Founding his position on a strong 415-year old rule fortified by precedent Bercow explained to the gathered members of the House that there could be no new meaningful vote unless there is a ‘new proposition that is neither the same nor substantially the same‘ as the previous ones. Erskine-May, that biblical volume(s) of reference on parliamentary procedure, was never intended to gather cobwebs; rather it was intended to be at the throbbing heart of an institution that has oftentimes been described as “the mother of all parliaments”. Rather than bellowing empty air, Bercow was the metatron – the channel of the divine voice – and in this case the divinity was the rule of the land that holds everything together.

I have often thought that it is a blessing that of all the EU Member States it was the United Kingdom that would go through the test phases of the process of leaving the European Union. As constitutional and representative mechanisms go there could be no better testing ground for the first time enactment of a multi-dimensional constitutional disentanglement to take place. The institutional self-awareness built over centuries of development and precedent should be able to withstand even the worst assault of today’s popular and populistic politicians.

That the ultimate distillation of all that is parliamentary representation would be severely put to test was a scripted inevitability. Once you had a parliament in session that overwhelmingly was against Brexit in principle but that was also tasked to go through the motions of trying to transform “the people’s will” (17 million reminder) into reality then it was clear that there would be a constant struggle to simply understand what the sovereign will ultimately was.

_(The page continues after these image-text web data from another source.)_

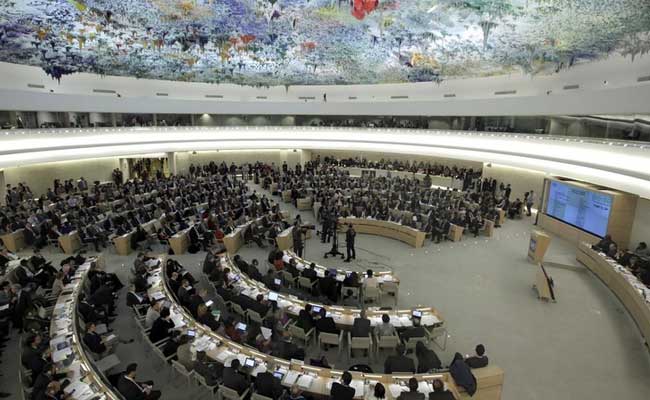 India Slams Pak At UN Over Its "Mendacious Propaganda" On Ayodhya Verdict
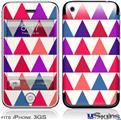 iPhone 3GS Skin - Triangles Berries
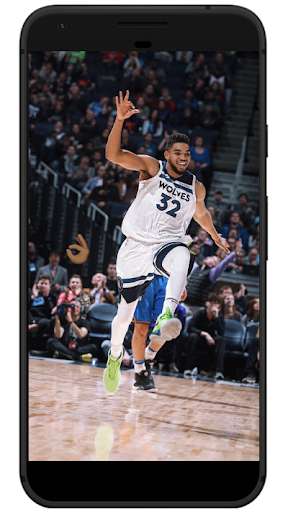 Run android online APK Karl-Anthony Town US Basketball HD Wallpapers from MyAndroid or emulate Karl-Anthony Town US Basketball HD Wallpapers using MyAndroid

I have dealt with one side of this conundrum in the post Unpopular Representation.

Add to this formula the internal party splits, the devolved interests (particularly Scot and Northern Irish) and the macchiavellian manoeuvering that would take place at a national level as well as the understandable negotiating limits with the European Counterparts then you would hope that as much as possible the institutional underpinnings of the process remain such as to guarantee the full purpose and functioning of a parliamentary democracy.

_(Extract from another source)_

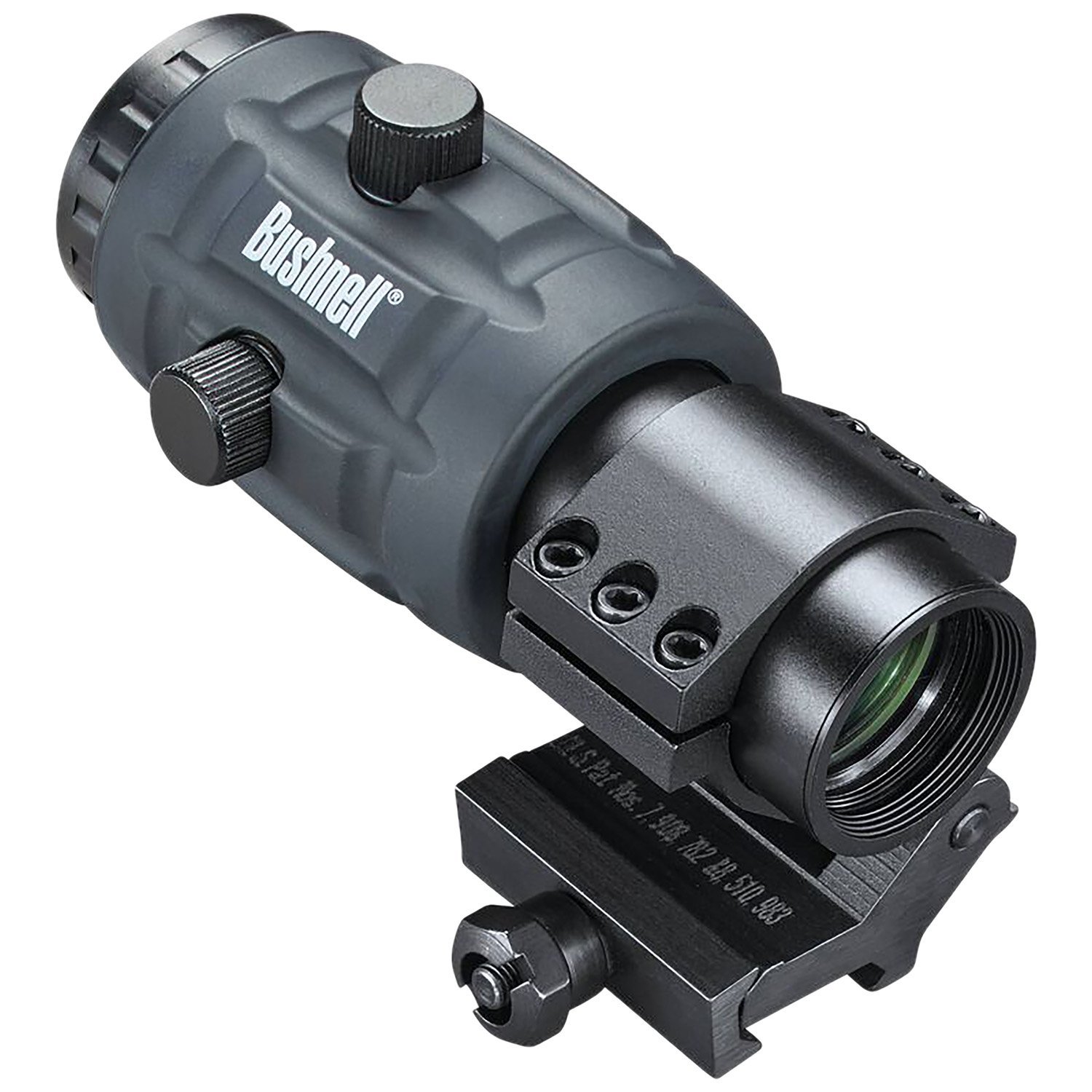 Bushnell AR Optics Transition 3x Magnifier flip-to-side mount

Bercow’s ruling ostensibly defends parliament (mostly backbenchers) from the actions of a “bullying” executive. May’s third attempt at pushing the “meaningful vote” (MV3) can not happen because it would be the third time too many of trying to get her own way by hook or by crook. The symbolic gesture of Bercow’s announcement is much more important than the practical consequences. I say that because there is always a workaround that is possible for May however any workaround that results in forcing the meaningful vote notwithstanding the Speaker’s warning risks taking on the wrong meaning of meaningful.

It is facile to impute motive to Bercow’s ruling. Truth is that the rule existed before Bercow. It has a purpose. In the wider picture we can see it as a safeguard against deception. An executive that attempts to “weaponize” time to force the hand of parliament is suddenly caught with its proverbial pants down. This could in effect be seen as a first step of parliament fighting back after it had lost a motion to wrestle the process from May’s hands earlier last week.

Returning to the issue of delegated and trustee representation we could see this kind of ruling as another pressure valve that sends a clear signal that on this particular issue – and unless some meaningful change is brought through (highly unlikely given the noises coming from Europe) – the matter might be slowly slipping out of the hands of the elected representatives themselves.

If they really want to fulfill their centuries old function of popular representation then they might want to realise that the mother of all parliaments is due a consultation with its people. If only to see whether their original mandate still stands given the new facts and circumstances that have arisen since the last popular vote.